Impact on quality initiatives
Experts said the repercussions of OHRP's ruling are much broader.
"The impact is huge," said Atul Gawande, MD, a general surgeon at Brigham and Women's Hospital in Boston who brought attention to the case with an op-ed article in The New York Times.
The burgeoning quality movement already faces enough hurdles without having "to go through new bureaucracies," Dr. Gawande said. The ruling "does more harm than any kind of danger posed to patients by quality-improvement projects."

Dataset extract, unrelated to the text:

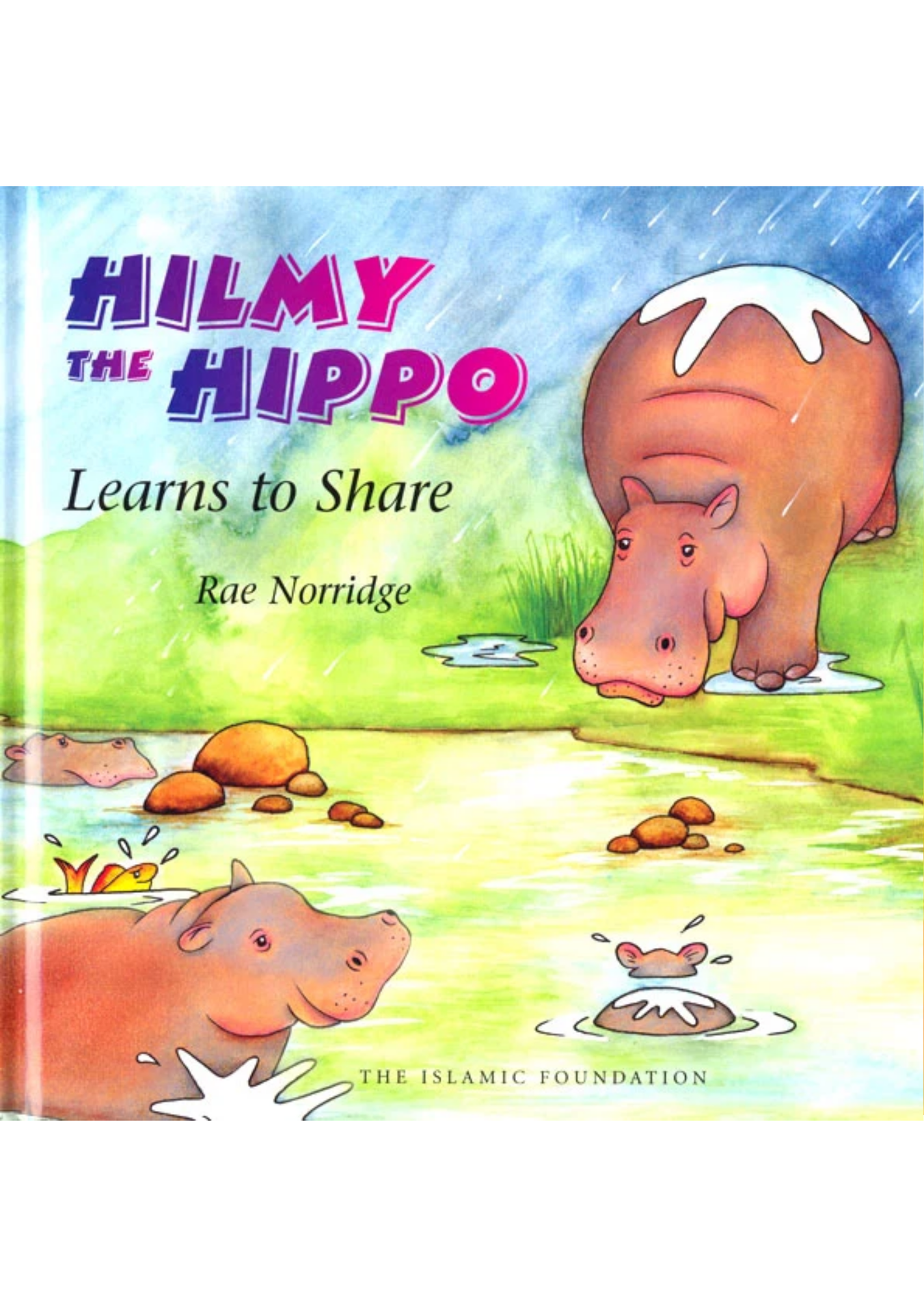 Hilmy the Hippo Learn to Share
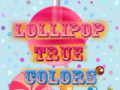 Тоглоом Lollipop True Colors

Robert Wachter, MD, a leading patient-safety researcher and chief of the medical service at the University of California, San Francisco, Medical Center, agreed. He said the OHRP ruling is "absolutely ludicrous" and could have a "huge chilling effect" on quality research initiatives.
The IRB process can take from four to six weeks, he said, and other experts have estimated that approval for large, multisite projects can take up to a year. Physicians and ethicists complain that IRBs are often underfunded and poorly trained and issue highly unpredictable recommendations.
But Matt Weinberg, a bioethicist in the New Jersey Dept. of Health and Senior Services, said the OHRP regulations are clear and that researchers tried to take the easy way out.
"It just seems to me a case of ethical laziness, which I think is unfortunately pervasive when it comes to getting consent for research projects," said Weinberg, who was not speaking on behalf of the New Jersey health department.
In a Jan. 4 letter to HHS Secretary Michael Leavitt, American Hospital Assn. CEO Rich Umbdenstock said OHRP rightly oversees clinical trials of new drugs and devices. But such investigations, he wrote, "are far different from the quality improvement efforts exploring the use of checklists, computerized reminders, teamwork training and other steps to ensure that the care we intend to deliver is actually delivered."
HHS spokeswoman Rebecca Ayer said in a statement that "not all efforts to improve quality are 'research' or subject to the regulations. How those rules apply to research to develop new quality initiatives is an important issue for HHS, providers and the public, and one that we are working actively to address."
OHRP may have correctly interpreted current law, but its decision "demonstrates the profound flaws in the ethics and policy of the whole federal research human-subjects review enterprise," said Lawrence O. Gostin, director of the Center for Law and the Public's Health at Johns Hopkins and Georgetown Universities.
Federal regulations impede many quality efforts where "the risks to human subjects are very low, and in fact, the activity itself is intended to increase the benefits to humans," Gostin said. "These are very concrete and routine activities that health professionals should be doing, using science to make better judgments and inform others about those better judgments."
A 2006 report published by the Hastings Center, a Garrison, N.Y., bioethics think tank, said organizations implementing minimal-risk quality initiatives should inform patients that consenting to receive care "includes consent to a minimum level of cooperation with ongoing [quality improvement]."
The American Medical Association collaborated on the Hastings report and has policy calling on OHRP "to develop clear guidelines to differentiate between quality improvement and human-subjects research."
AMA President-elect Nancy H. Nielsen, MD, PhD, said in a statement: "The AMA is deeply concerned about the lack of clarity around appropriate standards and procedures for overseeing quality improvement and patient safety activities in health care. We urge the Secretary's Advisory Committee on Human Research Protections to engage on these issues and work to provide guidance for physicians and others committed to improving the quality of care in this country."